The transition from natural to synthetic refrigerants in the 1930s, while addressing safety concerns locally, introduced broader global issues, as the paper outlines: “In the 1930s, natural refrigerants were replaced by synthetic alternatives due to local safety concerns.
“But these replacements introduced planetary risks: ozone depletion, climate change, and now, the environmental and potential human health impacts associated with ‘forever chemicals.’ In trying to solve a local problem, we created global ones.”
This highlights the unintended consequences of early synthetic refrigerants, such as chlorofluorocarbons (CFCs) and hydrofluorocarbons (HFCs), which have contributed to ozone layer depletion and global warming.
The scale of the issue is significant — more than 62 million refrigerant-dependent devices are in operation across Australia, a 15 per cent increase in five years, with the sector valued at approximately $12.7 billion annually.
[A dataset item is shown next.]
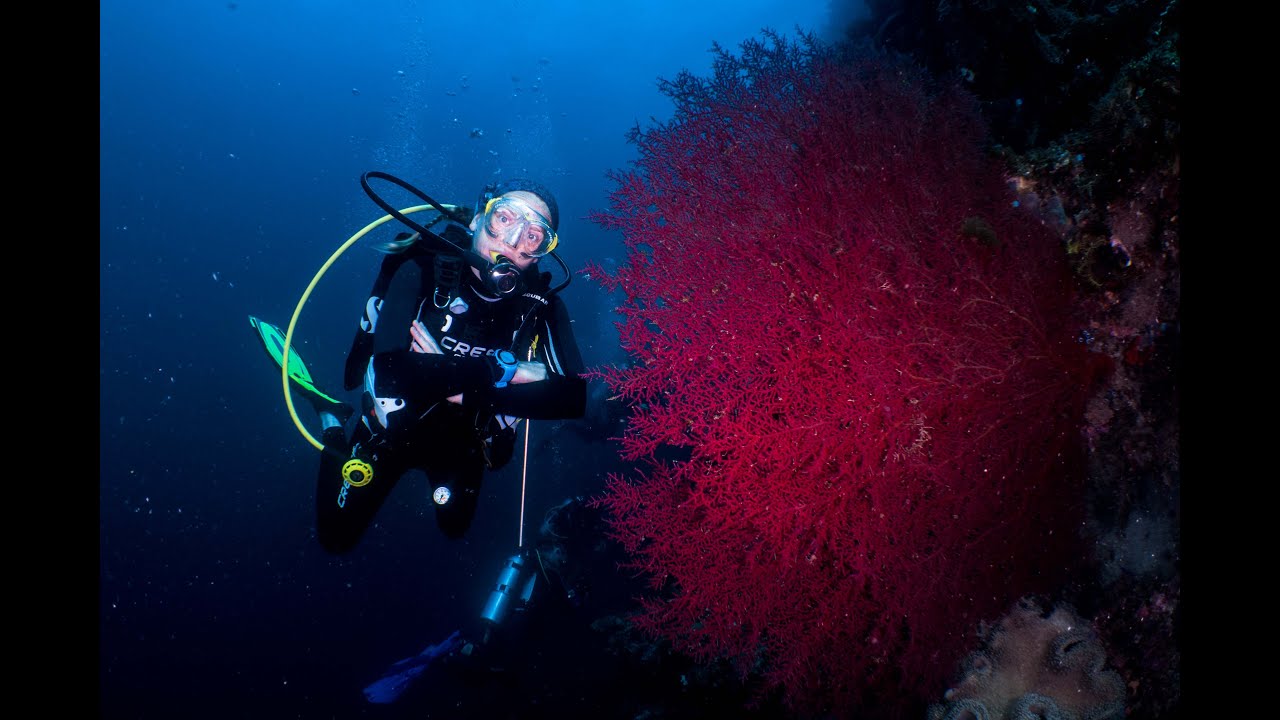 Diving in Raja Ampat 2019 on Amira liveaboard (Full)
HVAC&R systems typically have a lifespan of 15 to 20 years, meaning the choices made today will shape Australia’s emissions and retrofit costs for decades.
Jorge Chapa, GBCA’s Chief Impact Officer, stresses the current gap in planning: “Every building relies on refrigerants, yet they’re rarely factored into long-term planning.
“If we don’t plan ahead, we risk higher retrofit costs, supply shortages and emissions that could have been avoided.
“The refrigerant choices we make now will shape building performance for decades to come.”
This calls for proactive, future-focused decision-making across building design, maintenance, and policy frameworks.
AIRAH’s Advocacy and Policy Manager, Mark Vender, points to the opportunity for industry collaboration to address these challenges: “The HVAC&R industry is on the front line of Australia’s refrigerant transition.
“By bringing together technical expertise and property-sector leadership, this paper encourages the practical steps we need to take – from smarter design and maintenance to better refrigerant tracking and stronger collaboration across industry and government.”
Such collaboration is essential to accelerate the shift to lower-impact refrigerants and implement robust refrigerant management.
The paper advocates for immediate actions on both existing and new buildings.
For existing infrastructure, this includes reviewing and registering refrigerants in use and planning staged transitions to safer alternatives.
For new constructions, it calls for designing buildings to minimise refrigerant reliance by prioritising passive design strategies, efficient HVAC&R systems, and forward-looking refrigerant selections.
With COP31 scheduled for 2026, the GBCA sees a strategic opportunity for Australia to assert climate leadership through this sector.
Chapa remarks: “With COP31 on the horizon in 2026, Australia has an opportunity to demonstrate its climate leadership, and refrigerants is one area where the property sector can show practical action.”
The full discussion paper is available for public consultation on the GBCA website until April 2, 2026, inviting stakeholders across the property, engineering, policy, and environmental sectors to contribute to shaping the future approach to refrigerants in Australia’s built environment.